Alors que l’envoyé spécial pour le Moyen-Orient, Steve Witkoff, rejoindrait demain les médiateurs qataris et égyptiens ainsi que les délégations israéliennes et du Hamas, qui sont à Doha, pour la reprise des négociations sur le cessez-le-feu à Ghaza, le conseiller de Trump pour les otages, Adam Boehler, affirmait qu’il «est possible que nous assistions à une sorte de trêve à long terme où les prisonniers seraient libérés et le Hamas renoncerait à ses armes».
Tout porte à croire que les pourparlers directs entre Washington et le Hamas, à Doha, ont pesé lourdement sur la reprise des négociations pour le maintien du cessez-le-feu, extrêmement fragile, à Ghaza, après un gel des pourparlers et les menaces israéliennes de reprise de la guerre.
Alors que les délégations des deux parties, Israël et Hamas, arrivent à Doha durant ces dernières 24 heures, l’envoyé spécial américain, Steve Witkoff, les rejoindra demain pour entamer les négociations qui, selon les médias israéliens, porteront sur le plan américain qui vise la libération de la moitié des otages le 1er jour et la prolongation de la trêve. Et selon le Hamas, elles concerneront la 2e phase de l’accord de cessez-le feu, qui prévoit la libération des otages israélien en échange de prisonniers palestiniens, le retrait total et définitif des forces israéliennes de Ghaza et la fin de la guerre.
Samedi dernier, les médiateurs qataris et égyptiens avaient mis l’accent, à partir du Caire, «sur la nécessité de respecter tous les termes de l’accord d’entamer directement les négociations pour la 2e phase et de l’entrée de matériel de secours sans restriction ni conditions» à Ghaza. La délégation du Hamas, après s’être entretenue avec le patron des services de renseignement égyptiens sur l’accord de cessez-le-feu à Ghaza, a, dans un communiqué, exhorté «toutes les parties à respecter leurs engagements envers l’accord initial et à entamer immédiatement des négociations sur sa 2e phase».

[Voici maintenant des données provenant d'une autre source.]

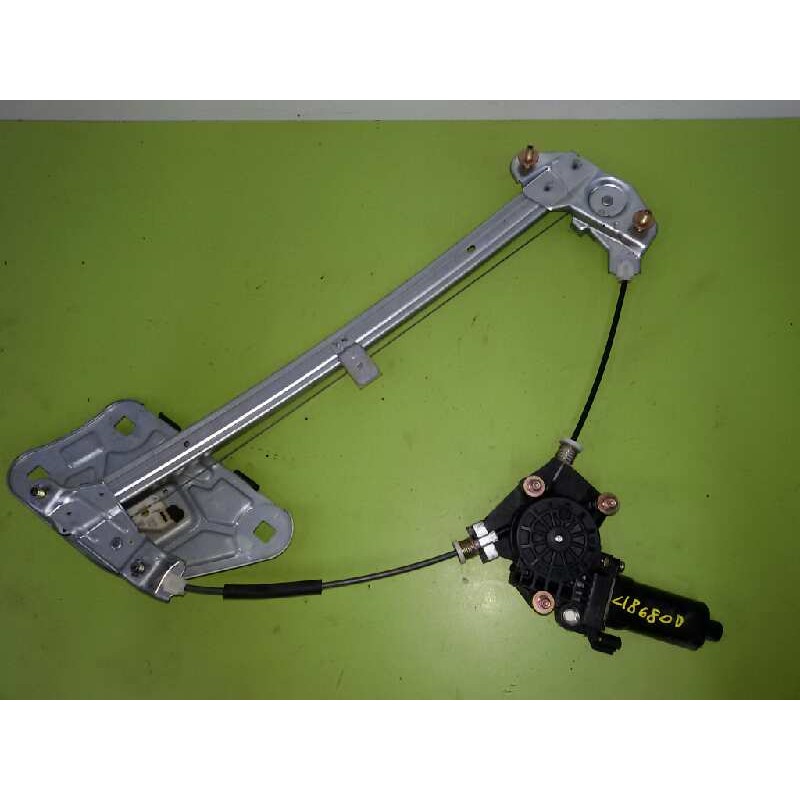 Recambio de elevalunas delantero derecho para hyundai xg 3.0 v6 gls referencia OEM IAM FUNDA 8240439000 CARIBE FUNDA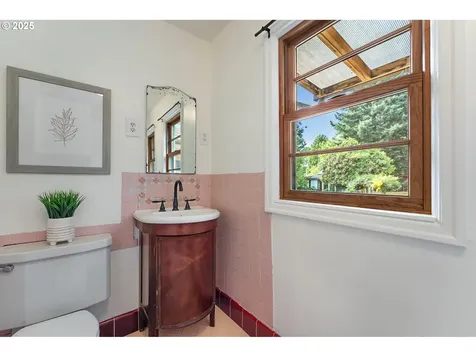 4650 NE Simpson Street Portland OR 97218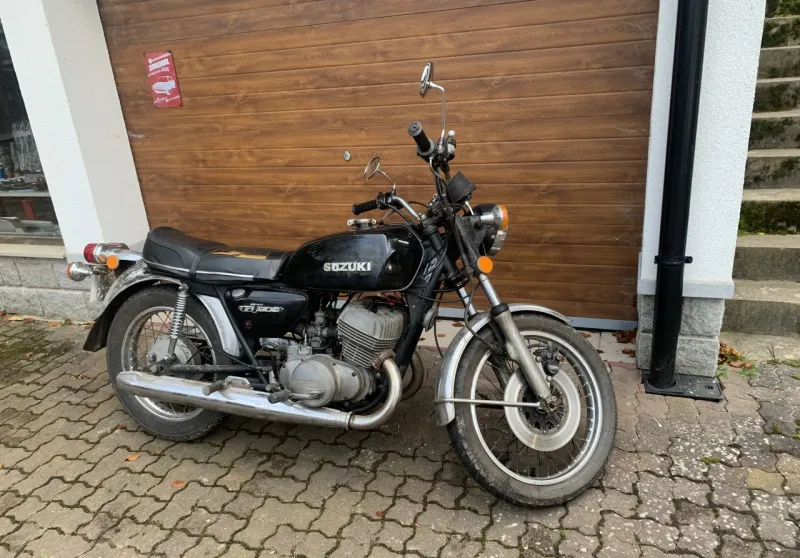 Suzuki GT 500 1976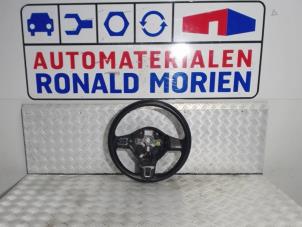 Gebruikte Stuurwiel Volkswagen Polo V (6R) 1.2 TDI 12V BlueMotion Prijs € 95,00 Margeregeling aangeboden door Automaterialen Ronald Morien B.V.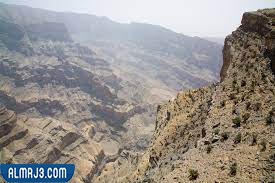 جبل شمس - أماكن السياحة والاستجمام في دولة عُمان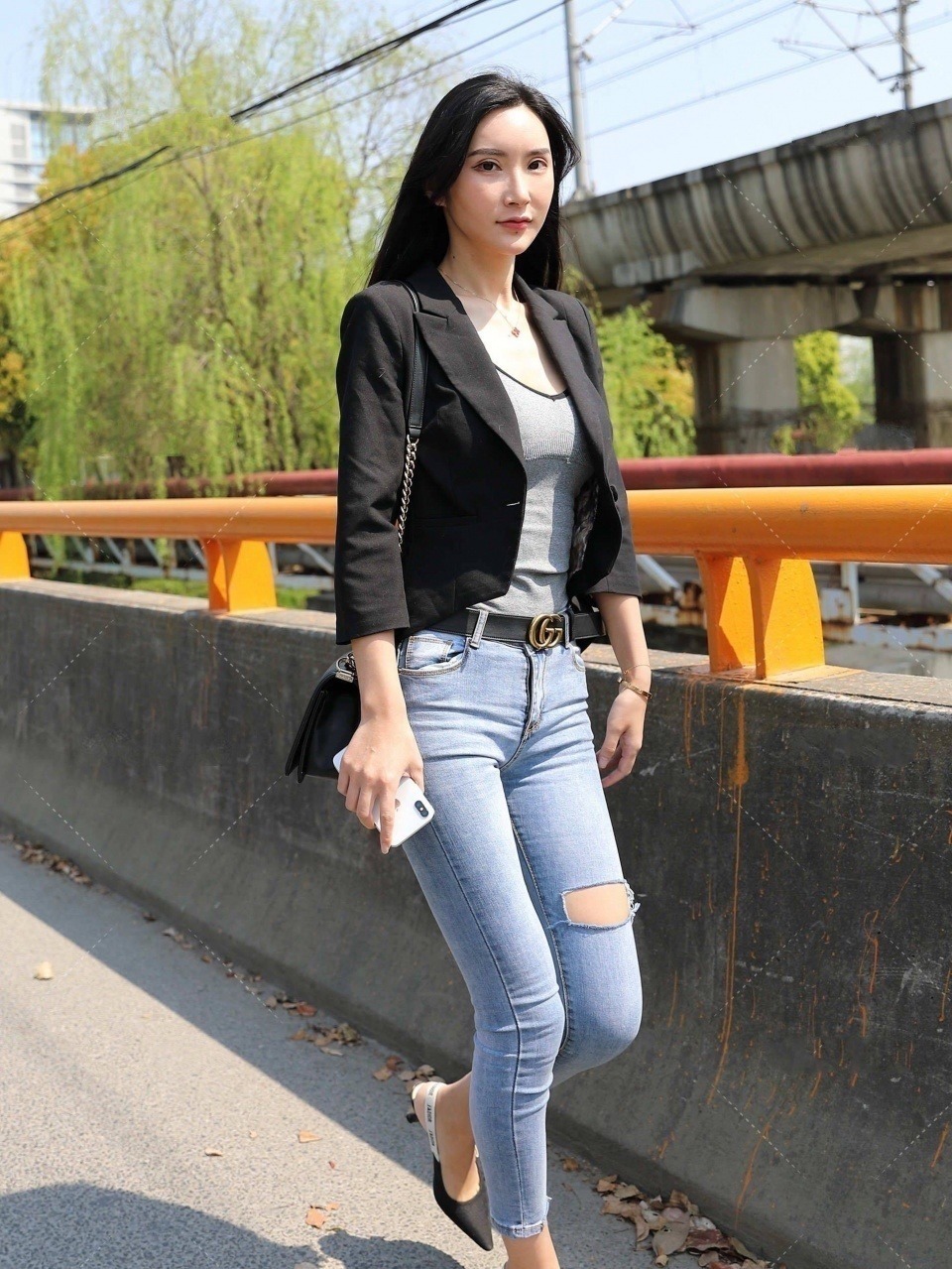 腰部 御姐范小姐姐,西装外套+牛仔裤,看起来非常优雅且有气质!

Elle a également déclaré «avoir fait savoir aux responsables égyptiens être prêt à former un comité de ‘‘personnalités nationales indépendantes’’ pour gouverner Ghaza jusqu’à la tenue d’élections». Hier, Mahmoud Mardawi, haut responsable du Hamas, a réitéré, lui aussi, l’«engagement» du mouvement de résistance, «à mettre en œuvre tous les termes de l’accord» et souligné «la nécessité d’obliger l’occupant israélien à mettre en œuvre l’accord et à entamer immédiatement la 2e phase des négociations selon les paramètres convenus». Porte-parole du Hamas, Abdelatif Al Qanou, a indiqué, pour sa part, que les efforts égyptiens et qataris «se poursuivent» en évoquant des «signaux positifs».
Du côté israélien, l’autorité de radiodiffusion a annoncé la tenue d’une réunion du cabinet restreint durant l’après-midi d’hier, pour «déterminer l’étendue du mandat accordé à l’équipe de négociations dépêchée à Doha», du fait qu’elle soit purement «technique» et «n’a pas de mandat» pour prendre une quelconque décision, jusqu’à l’arrivée de son chef, (prévue aujourd’hui), le ministre des Affaires stratégiques, Ron Dermer, un des plus proches collaborateurs du Premier ministre israélien, Benyamin Netanyahu.
«Les échanges et la rencontre avec le Hamas ont été utiles»
La même source a précisé en outre que les discussions de Doha «porteront uniquement sur le cadre général des négociations». Le journal hébreu Maariv a rapporté, pour sa part, les propos d’un «haut responsable israélien» sans le nommer, qui a apporté un peu plus de précisions. «Nous avons envoyé une délégation pour donner à Washington et aux médiateurs une chance de prolonger temporairement le cessez-le-feu. Hamas a refusé toutes les propositions y compris celle de Witkoff ainsi que la négociation de la 2e phase de l’accord selon nos conditions. Le Hamas insiste pour rester à Ghaza et exige que nous nous retirions de l’enclave et que nous ne retournions pas à la guerre.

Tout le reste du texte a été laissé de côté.